» **ACTION ITEM**
All of the data that follows is to be printed exactly, without pictures.

» **RECORDS FOR THIS EXERCISE**
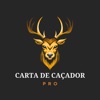 Carta de Caçador & LUPA | Pro icon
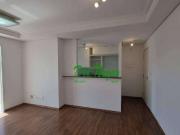 Apartamento para Locação em São Paulo/SP Jaguaré 2 Quartos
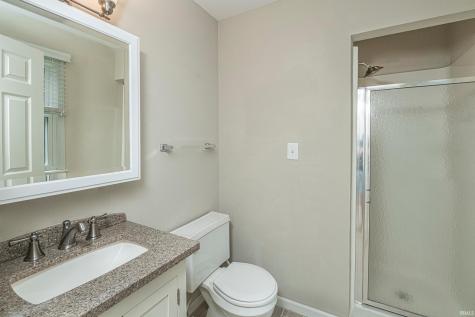 2824 S Wexley Road Bloomington IN 47401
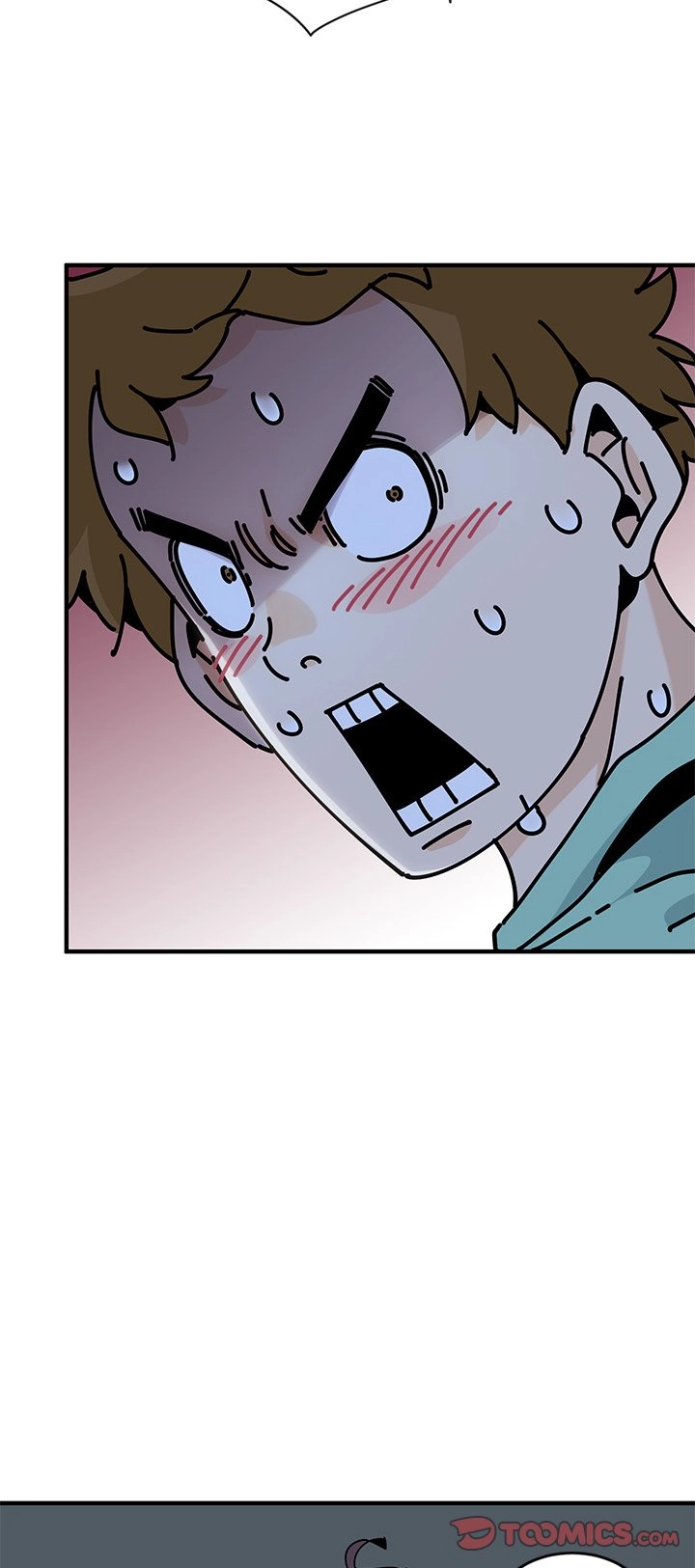 Love Factory Chapter 12 page 2 - 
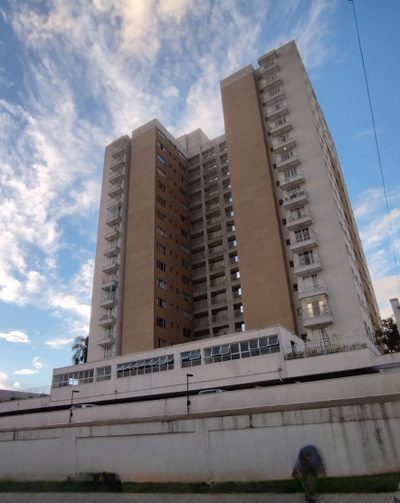 Apartamento, 25 m² - Foto 1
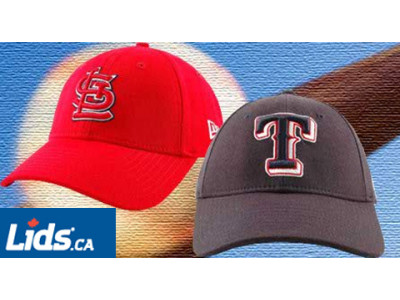 Lids.ca Sale Code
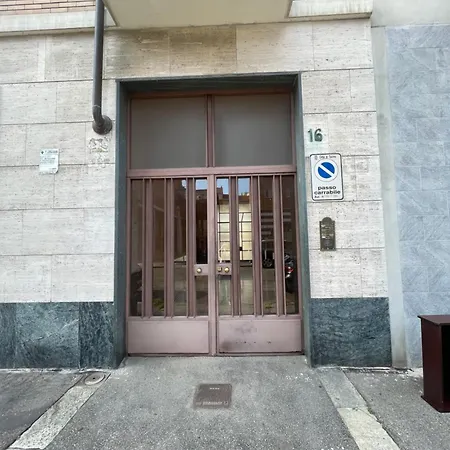 Experience Turin! Metro A Stone's Throw Away Lejlighed Torino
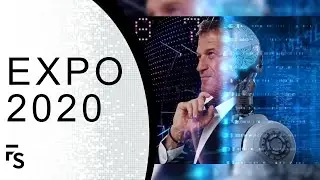 EXPO 2020 - Fractal Systems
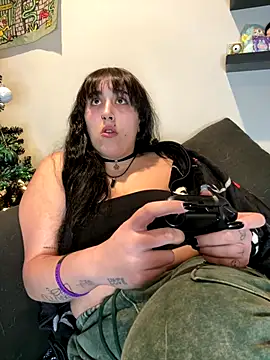 ThicBunz's cam snapshot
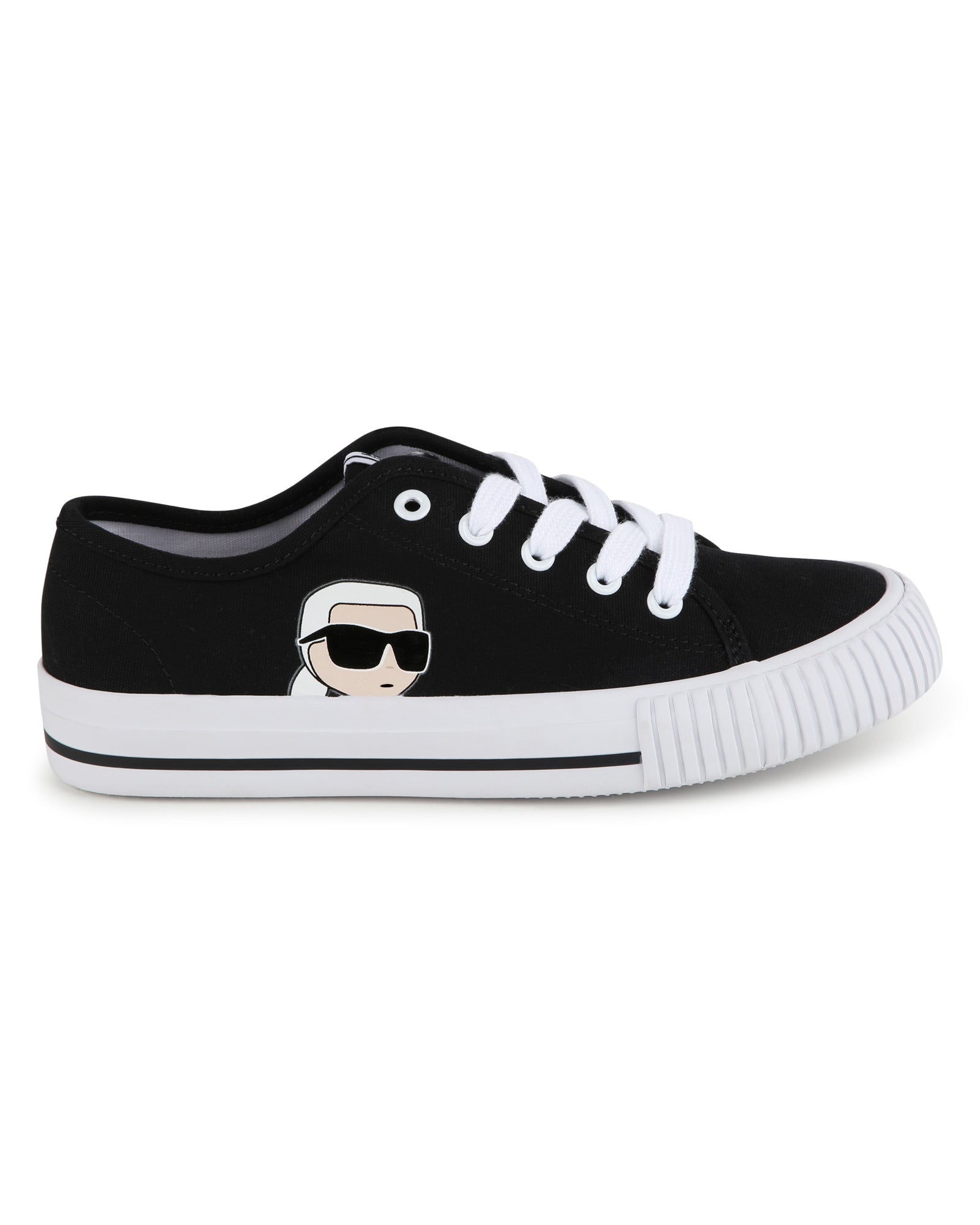 Baskets - Black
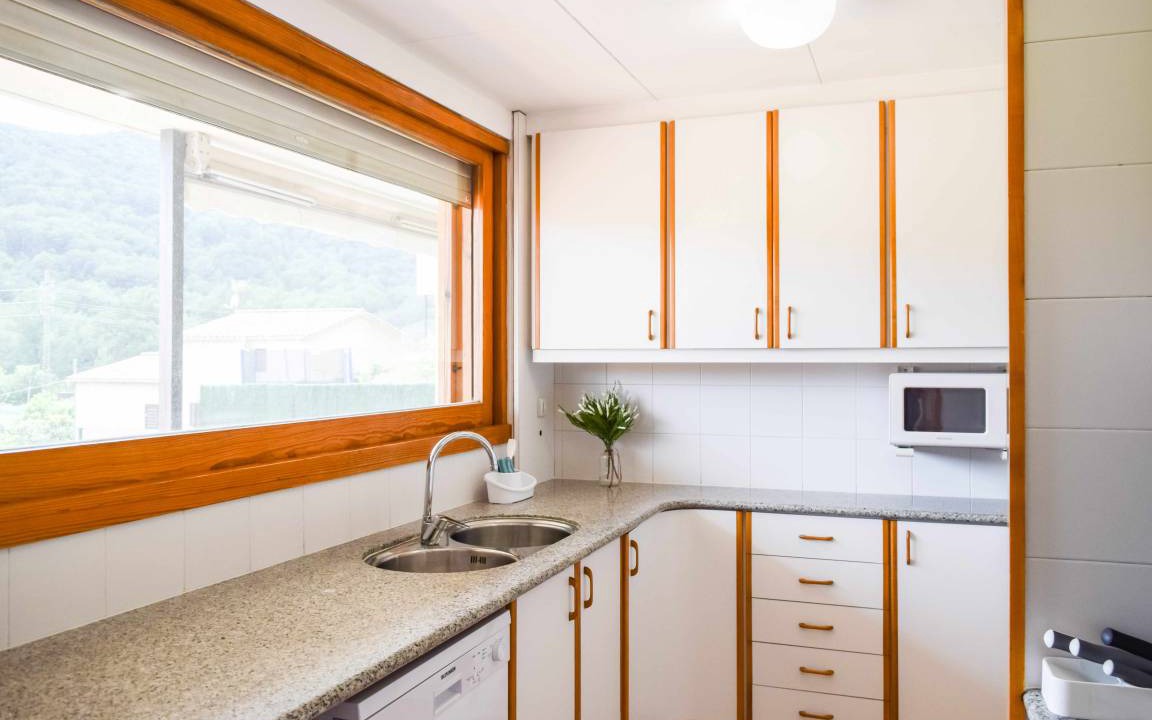 Photo of Kitchen in Besalu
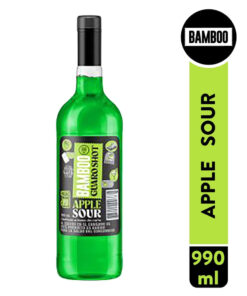 BAMBOO GUARO 990 ML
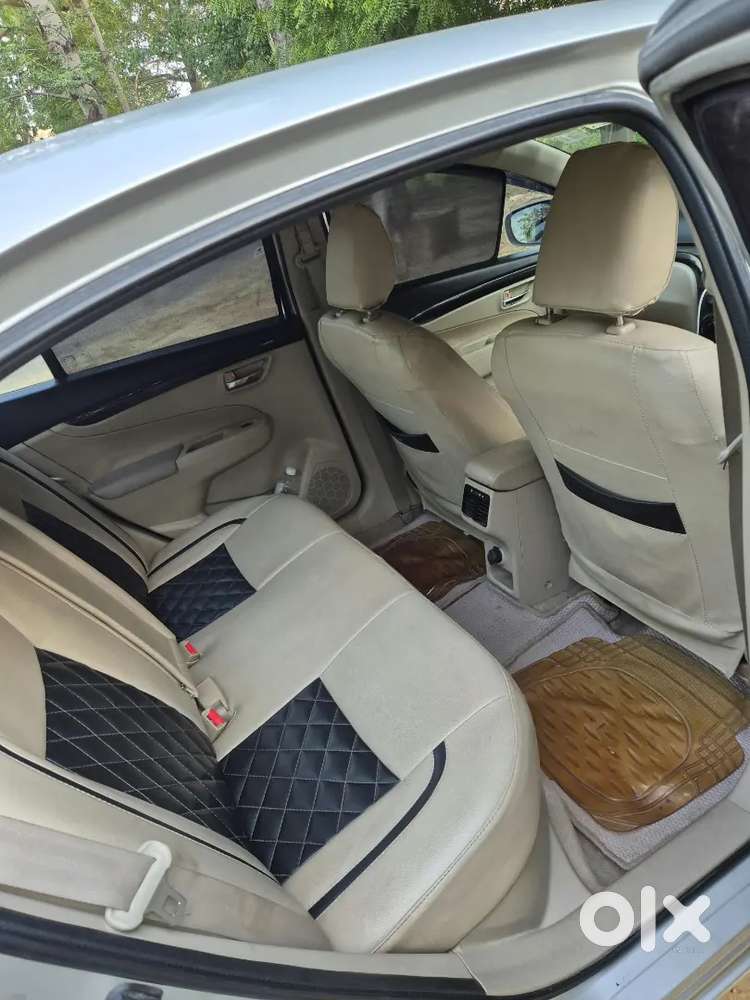 Maruti Suzuki Ciaz Vdi 2015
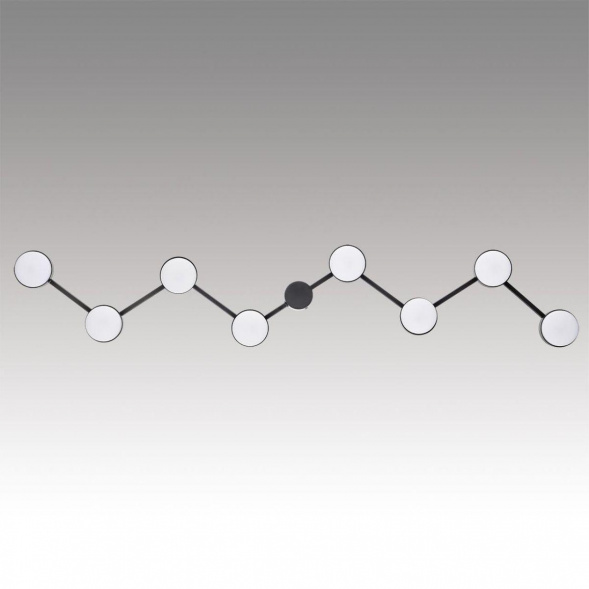 Потолочная люстра Lumion Comfi Sanata 8187/8C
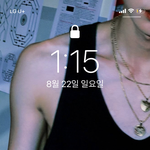 [NCT칠프] 바로 바꿈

» **SOLUTION FOR THIS EXERCISE**
 Carta de Caçador & LUPA | Pro icon
 Apartamento para Locação em São Paulo/SP Jaguaré 2 Quartos
 2824 S Wexley Road Bloomington IN 47401
 Love Factory Chapter 12 page 2 - 
 Apartamento, 25 m² - Foto 1
 Lids.ca Sale Code
 Experience Turin! Metro A Stone's Throw Away Lejlighed Torino
 EXPO 2020 - Fractal Systems
 ThicBunz's cam snapshot
 Baskets - Black
 Photo of Kitchen in Besalu
 BAMBOO GUARO 990 ML
 Maruti Suzuki Ciaz Vdi 2015
 Потолочная люстра Lumion Comfi Sanata 8187/8C
 [NCT칠프] 바로 바꿈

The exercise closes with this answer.